Some Geth just really, really fuckin hate humans.

Eventually, if you embark on Legion’s special loyalty mission, you’ll find yourself face to face with the control panel for the Geth hive-mind, where you’re confronted with a knotty ethical conundrum:

You can rewrite the bad Geths’ consciousness. Or you can erase them from the hive-mind.

It feels like an essay question on a really weird philosophy exam. When faced with robots who have free will, yet choose to be nazis, is it ethical to forcibly reeducate them? Or is it more ethical to painlessly erase them? How about if the reeducation isn’t fool-proof; does that change your calculus at all? Why or why not?

Screencap from Mass Effect 2

Some may disagree, but to me, this is a great example of compelling game writing.

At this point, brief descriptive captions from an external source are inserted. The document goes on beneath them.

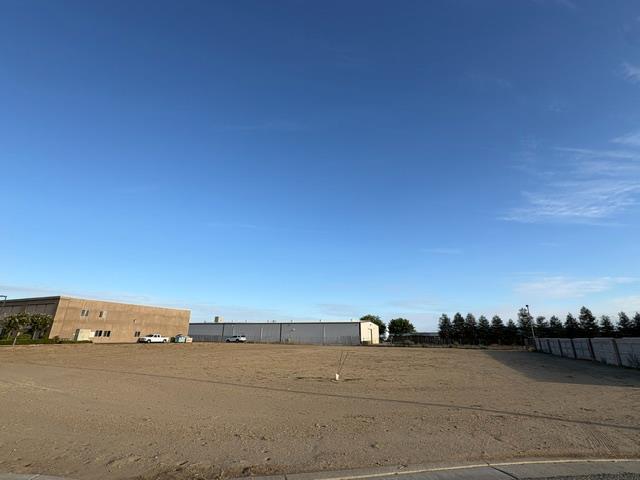 2531 Mitchell Ct, Madera, CA 93637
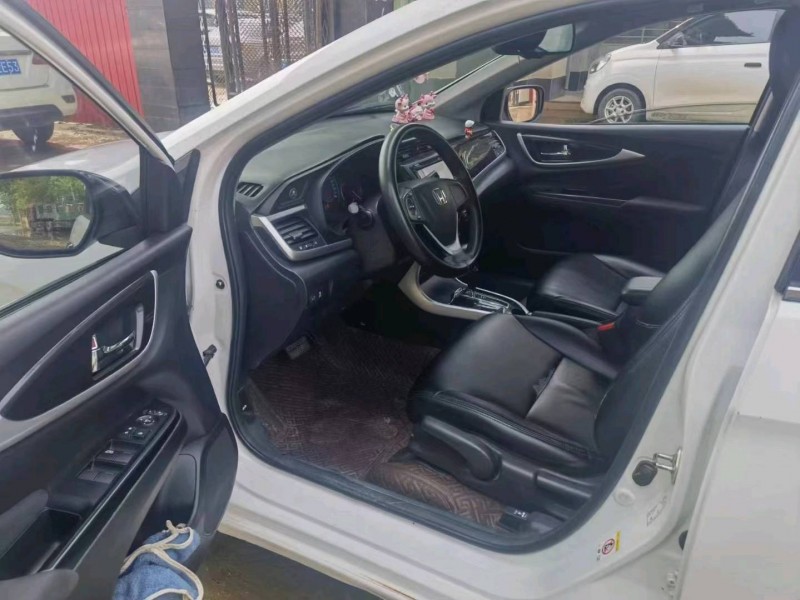 保定15年本田凌派6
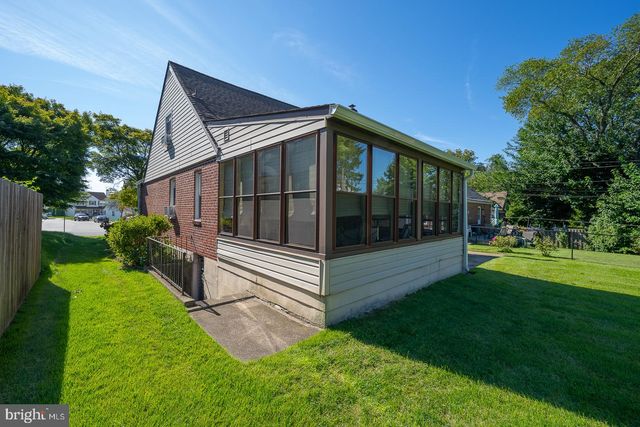 1907 ARMSTRONG AVE, Morton, PA 19070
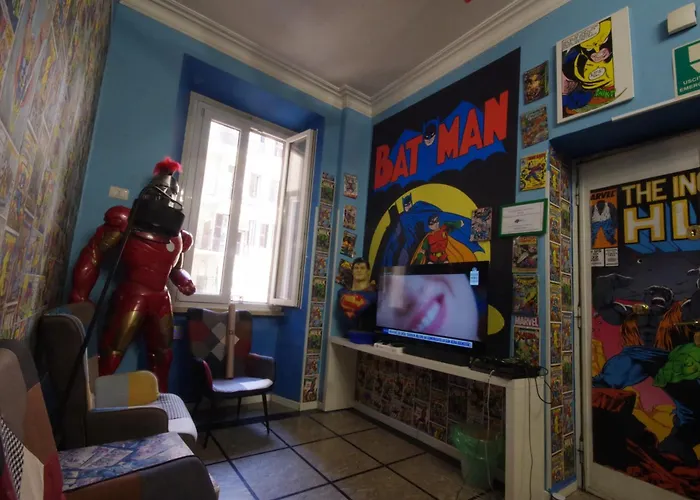 בית הארחה Comics 2*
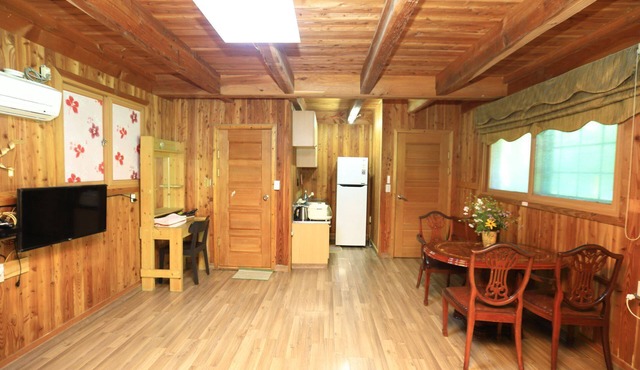 Wonju Chiak Mountain Club Pension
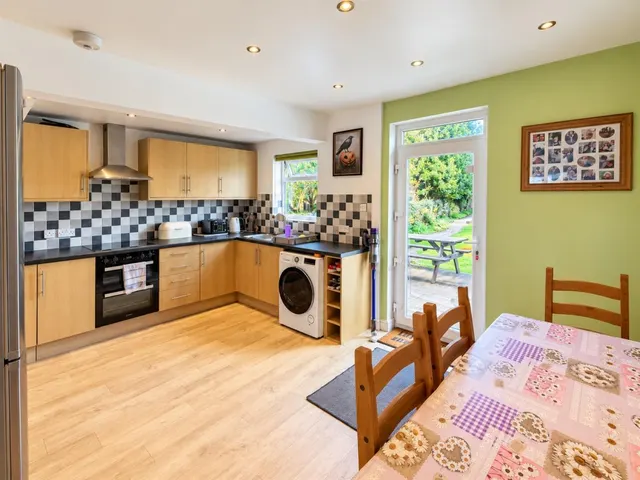 Whitley Road, Keighley, BD21, photo 3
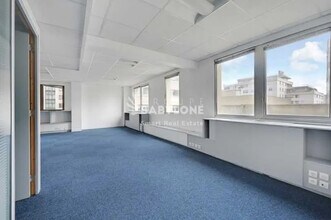 40 Boulevard Henri Sellier, Suresnes to rent Interior Photo- Image 1 of 3
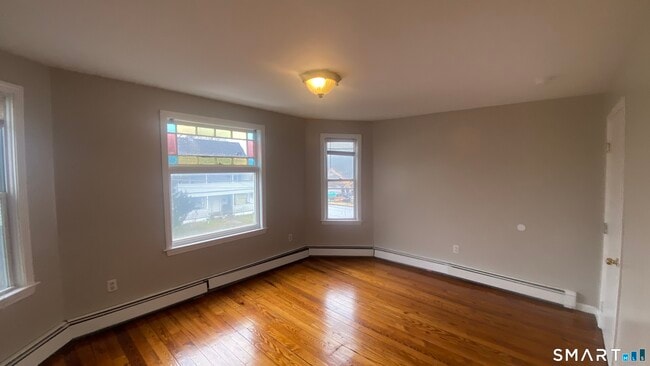 Photo - 82 James St Unit 2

The first time I played Mass Effect 2, I stared at this screen for a solid 15 minutes. I actually got up and walked away from the game, mulling it over while I made a cup of coffee.

Think about that. The software handed me the artistic text of the game experience, and then I literally picked it up and carried it out of the room with me.

That’s wild. It’s also very cool. In my opinion, more games should consider exploring experiences like that, because I think it’s a design space with a lot of untapped potential. The fact that one of the best examples I can think of comes from a AAA game rather than some obscure indie title is downright bizarre.

And for the record, I do think that choice has a specific thematic point it wants you to arrive at, regardless of which option you ultimately pick: the idea that genocide isn’t always a goal unto itself, but often presents itself as the “solution” to a “problem” — and you might be rattled to discover that you’re not as immune to its proponents’ persuasive arguments as you might think, even if only insofar as they’re capable of making you hesitate for a moment in a videogame.

(Which is somewhat undercut by the fact that the game has an achievement for headshotting 30 enemies, or ME3 has an achievement for killing five thousand. But hey, that’s videogames, baybeeeeee~)

In any case, by the time you make your decision, you’ve crystallized a clearer, more articulated understanding of your own internal ethics. And if you want to see this demonstrated, get two Mass Effect fans together in a room, ask them which choice they picked when it came to the Geth, then watch them explode into full-on Oxford debate complete with supporting arguments and prepared refutations.

Phew!

Now then: for less narrative, more game-y games that have different input schema than a pair of dialogue options—like the maze puzzles in The Witness—I think the method for achieving good mindplay might actually be the exact opposite.

Instead of striving for indecision arising from weighty irrevocable choices, I think you want to strive for indecision by virtue of having too much freedom. Sort of like analysis paralysis, but the mindful version, intentionally induced for a specific artistic intent. Here, you want the player to feel like: this is the problem, and there’s only one particular input or sequence of inputs that’s correct, and it’s their task to find it, and they have all the tools they need to do so, on the screen, right now.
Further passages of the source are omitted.